Mark Zuckerberg hält sich trotz des enormen Datenskandals weiterhin für den Richtigen an der Spitze des Unternehmens. Er übernehme zwar die Verantwortung für die Weitergabe privater Nutzerdaten – halte sich aber nach wie vor für den Richtigen, um das Unternehmen zu führen. Dies sagte Zuckerberg am Mittwoch auf eine entsprechende Frage von Journalisten.
Der Facebook-Chef versicherte erneut, «es in Zukunft besser machen zu wollen». Er räumte aber zugleich ein, dass «keine Sicherheitsmassnahme perfekt» sei.
Die EU-Kommission hat von Facebook wegen des jüngsten Datenskandals weitere Auskünfte verlangt. EU-Justizkommissarin Vera Jourova habe an das Netzwerk einen Brief mit der Aufforderung um «weitere Klarstellungen» geschrieben. Die Antwort soll innerhalb von zwei Wochen erfolgen, sagte ein EU-Kommissionssprecher.

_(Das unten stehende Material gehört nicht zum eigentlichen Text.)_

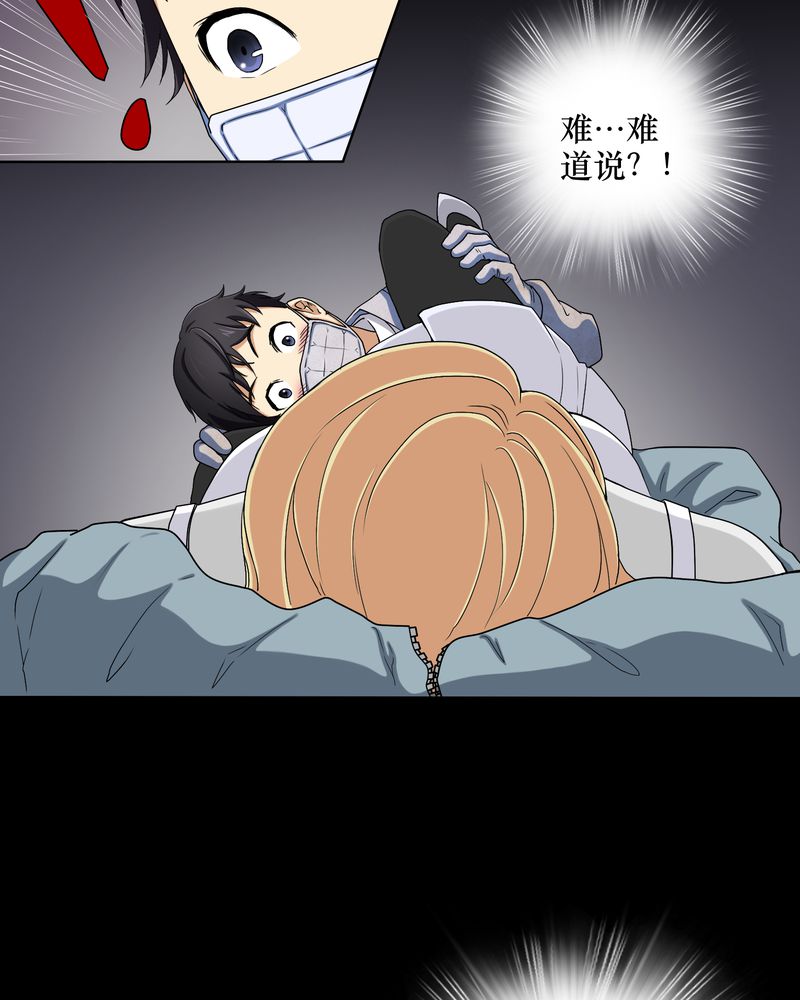 梦魇之旅漫画,第2章：剥死人皮1图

Es sei mittlerweile bestätigt, dass auch europäische Nutzer von Facebook betroffen seien, sagte der Sprecher am Donnerstag in Brüssel weiter. Er nannte erneut den Missbrauch persönlicher Daten «inakzeptabel».

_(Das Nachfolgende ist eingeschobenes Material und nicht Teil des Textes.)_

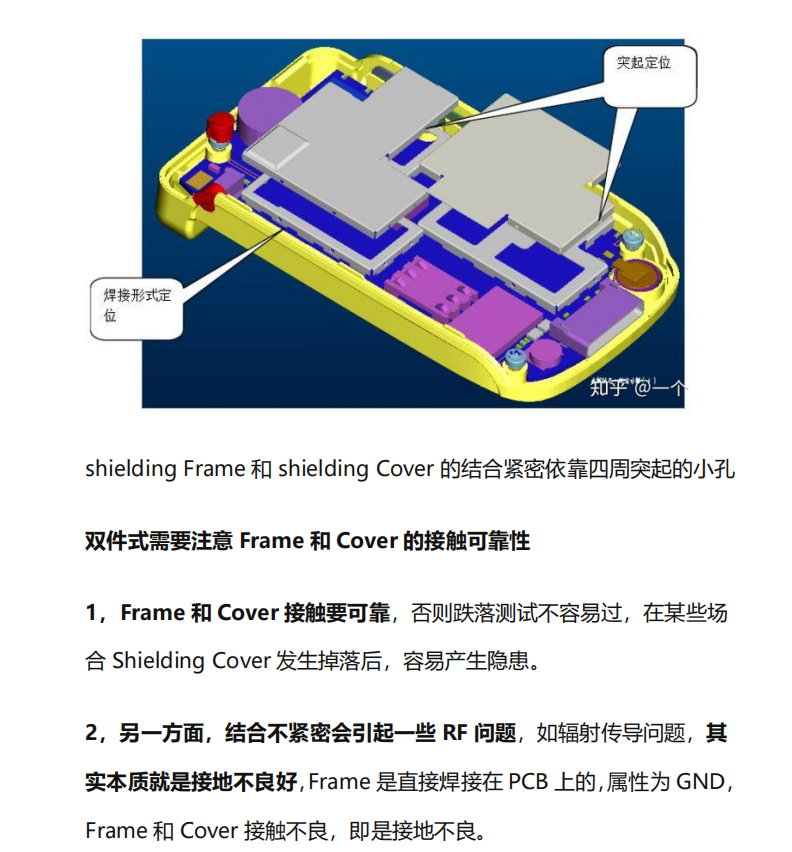 屏蔽罩结构类型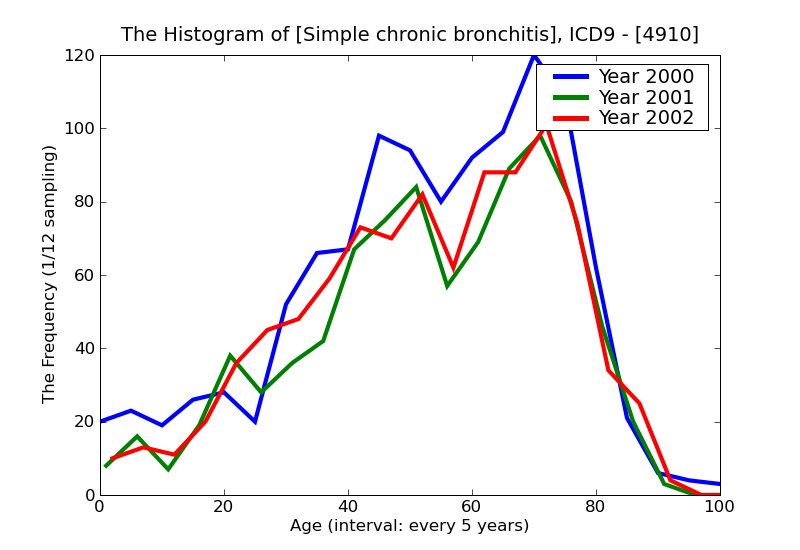 ICD9 Histogram Simple chronic bronchitis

Gemäss dem EU-Kommissionssprecher hat Facebook grundsätzlich Bereitschaft gezeigt, sich mit der Brüsseler Behörde zu den aktuellen Datenschutzfragen auseinanderzusetzen. In den nächsten Tagen sei zudem ein hochrangiges Treffen zwischen der EU-Kommission und dem US-Konzern geplant.